Крепко тебя целую и жду двух-трех слов на открытке.
Твоя Аля.
<ПАСТЕРНАКУ>; 8.9.50
Дорогой Борис! Все никак не удается написать тебе, а вместе с тем нет ни одного дня, чтобы не думала о тебе и не говорила бы с тобой. Но занятость и усталость такие, что всем этим мыслям и разговорам так и не удается добраться до бумаги. Большое, хоть и ужасно запоздалое, тебе спасибо за твоего «Фауста». Для меня он — откровение, т. к. до этого читала (уже давно) в старых переводах, русских и французских, где за всеми словесными нагромождениями Гете совершенно пропадал, вместе с читателем. Я, любя твое, очень к тебе придирчива, но тут о придирках не может быть и речи — безупречно.
Вообще — прекрасен язык твоих переводов, шекспировские я все читала, ты, как никто, умеешь, помимо остального, передавать эпоху, не вдаваясь в архаичность, что ли, благодаря этому читающий чувствует себя современником героев, их язык — его язык. Необычайное у тебя богатство словаря. Фауста прочла сперва начерно, сейчас перечитываю медленно и с наслаждением, по-настоящему наслаждаюсь каждым словом и словечком, рифмами, ритмами и тем, что все это — живое, крепкое, сильное, настоящее.

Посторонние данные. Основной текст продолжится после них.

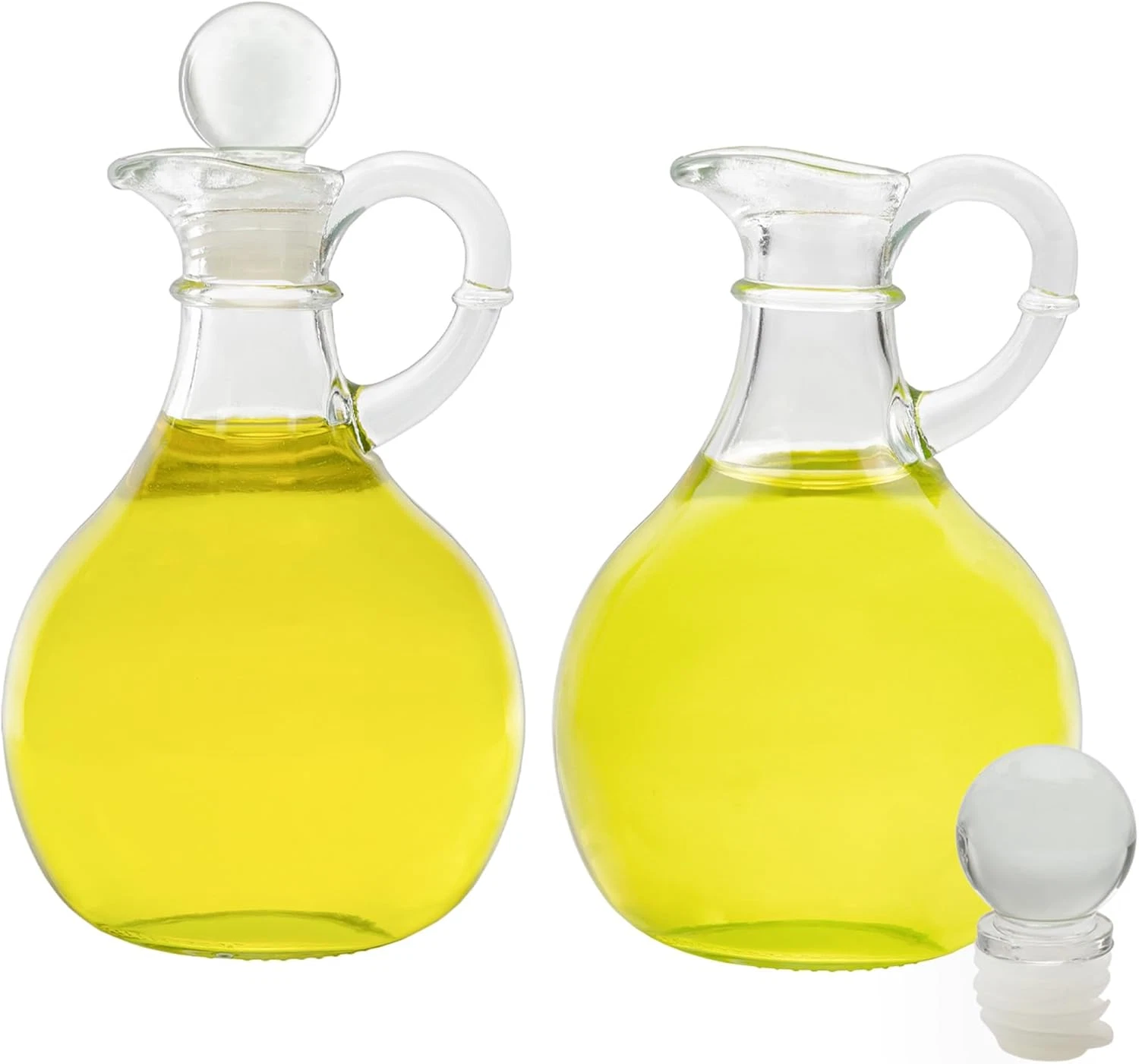 Glass Oil and Vinegar Cruets (Set of 2); 8Oz round Oil Dispensers / Salad Dressi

Милый мой Борис, жестоко ошибаются те, кто не чувствует в твоем творчестве жизнеутверждающего начала. Тебе, конечно, от этого не легче! Не тот критик плох, который писать не умеет, — а тот, который не умеет читать!
Как всегда, пишу тебе поздно, как всегда усталая, и поэтому, опять-таки как всегда, не в состоянии рассказать тебе все, что хочется и так, как хотелось бы. Здешний быт пожирает все время без остатка, и в первую очередь то, что дается человеку для того, чтобы быть самим собою. А я — я тогда, когда пишу, иногда, когда рисую, иногда, когда читаю. Читать удается чуть-чуть за счет сна, а насчет писаний и рисования — ничего не получается, как ни пытаюсь отстоять хотя бы один час своего собственного времени в сутки.